### Task to carry out
Give the data back exactly. Leave out any images.

### Provided data
%%
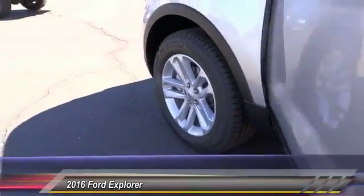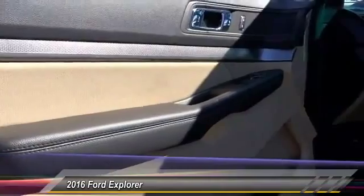Take this vehicle for a spin and see why so many shoppers are now proud owners.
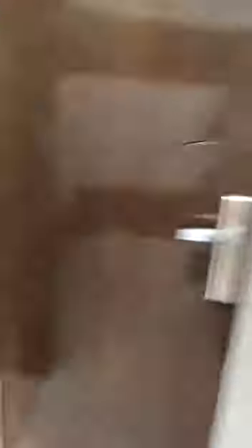The size of the washroom is very big. The balcony is also very big.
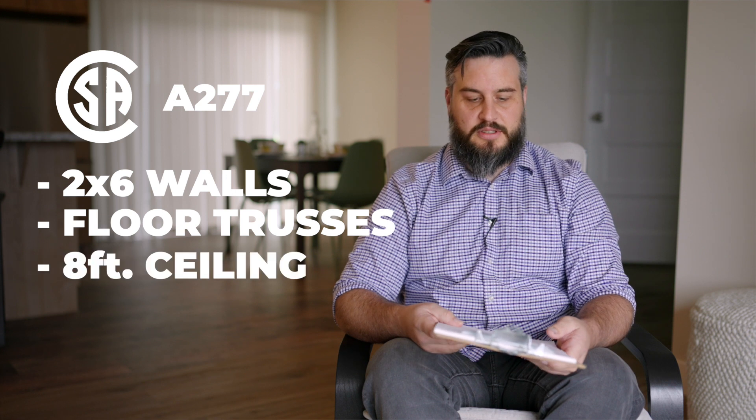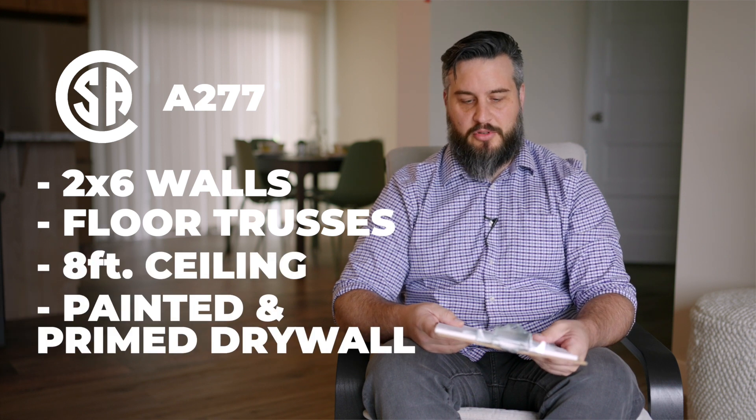Modular homes are transportable residential prefab homes built to the British Columbia Building Code or CSA A277. Standard specs for a modular home include 2x6 walls, engineered floor trusses, eight-foot ceilings, and painted and primed drywall. Modular homes with truss floors are usually designed to go on a crawlspace or a basement.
%%
### Solution to this problem
Take this vehicle for a spin and see why so many shoppers are now proud owners.
The size of the washroom is very big. The balcony is also very big.
Modular homes are transportable residential prefab homes built to the British Columbia Building Code or CSA A277. Standard specs for a modular home include 2x6 walls, engineered floor trusses, eight-foot ceilings, and painted and primed drywall. Modular homes with truss floors are usually designed to go on a crawlspace or a basement.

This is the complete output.